Directory Structure#

v0.4v0.5

series.ome.zarr               # One converted fileset from bioformats2raw
    ├── .zgroup
    ├── .zattrs               # Contains "bioformats2raw.layout" metadata
    ├── OME                   # Special group for containing OME metadata
    │   ├── .zgroup
    │   ├── .zattrs           # Contains "series" metadata
    │   └── METADATA.ome.xml  # OME-XML file stored within the Zarr fileset
    ├── 0                     # First image in the collection
    ├── 1                     # Second image in the collection
    └── ...

series.ome.zarr               # One converted fileset from bioformats2raw
    ├── zarr.json             # Contains "bioformats2raw.layout" metadata
    ├── OME                   # Special group for containing OME metadata
    │   ├── zarr.json         # Contains "series" metadata
    │   └── METADATA.ome.xml  # OME-XML file stored within the Zarr fileset
    ├── 0                     # First image in the collection
    ├── 1                     # Second image in the collection
    └── ...

Metadata#

v0.4v0.5

Spec JSON (.zattrs at root):

{
  "bioformats2raw.layout": 3
}

yaozarrs Code:

from yaozarrs import v04

# Root .zattrs
bf2raw = v04.Bf2Raw()  # layout defaults to 3

# OME/.zattrs
series = v04.Series(series=["0", "1", "2", "3"])

yaozarrs Code:

from yaozarrs import v05

# Root zarr.json
root_zarr_json = v05.OMEZarrGroupJSON(
  attributes={"ome": v05.Bf2Raw()}
)

# OME/zarr.json
ome_zarr_json = v05.OMEZarrGroupJSON(
    attributes={"ome": v05.Series(series=["0", "1", "2", "3"])}
)

Image Location Rules

If plate metadata exists → use plate structure
If series attribute exists in OME/.zattrs → paths must match OME-XML Image element order
Otherwise → consecutively numbered groups: 0/, 1/, 2/...

When to Use Collections vs. Plates#

Scenario	Use Collection	Use Plate
Multiple FOVs on coverslip
Irregular stage positions
Time-lapse split across files
Multi-well HCS experiment
Regular grid with well labels

Rule of thumb

If your data has rows and columns (like A1, B2, etc.), use a Plate.
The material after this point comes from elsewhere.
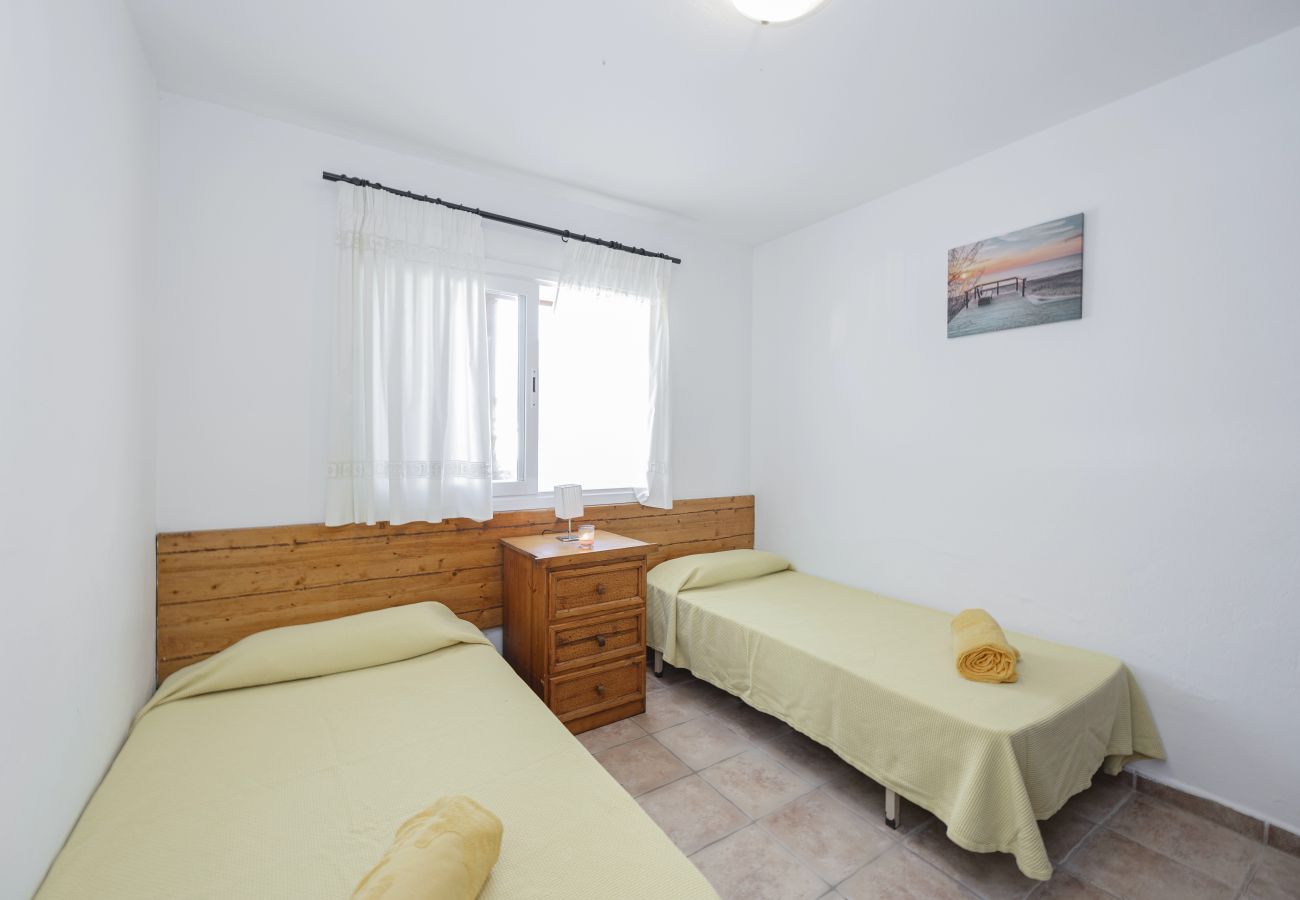 House in Alcudia - Casa Juani for 8 with pool, a few metres from the beach and all comforts.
If it's just multiple related images, use a Collection.

Reference#

Version Comparison Matrix#

Feature	v0.2	v0.3	v0.4	v0.5
Zarr version	v2	v2	v2	v3
Axes format	Implicit TCZYX	Strings	Objects	Objects
Axis type field	N/A	N/A	SHOULD	SHOULD
Axis unit field	N/A	N/A	SHOULD	SHOULD
Coordinate transforms	N/A	N/A	MUST	MUST
Metadata location	`.zattrs`	`.zattrs`	`.zattrs`	`zarr.json`
OME namespace	N/A	N/A	N/A	`attributes.ome`
`dimension_names`	N/A	N/A	N/A	MUST
Plate indices	Optional	Optional	MUST	MUST

Breaking Changes Quick Reference#

Migration	Key Breaking Change	Impact
v0.2 → v0.3	Axes must be explicit strings	Moderate - add `axes` field
v0.3 → v0.4	Axes become objects + coordinate transforms required	Major - restructure metadata
v0.4 → v0.5	Zarr v3 file structure + OME namespace	Critical - completely different storage

Additional Resources#

OME-Zarr Specification - Official specification
yaozarrs API Documentation - Complete API reference
Zarr Format Specification - Zarr v2 and v3 specs
OME Data Model - Full OME-XML specification
GitHub Repository - Source code and issues

You're ready!

You now understand the OME-Zarr specification and how to work with it using yaozarrs. Happy imaging!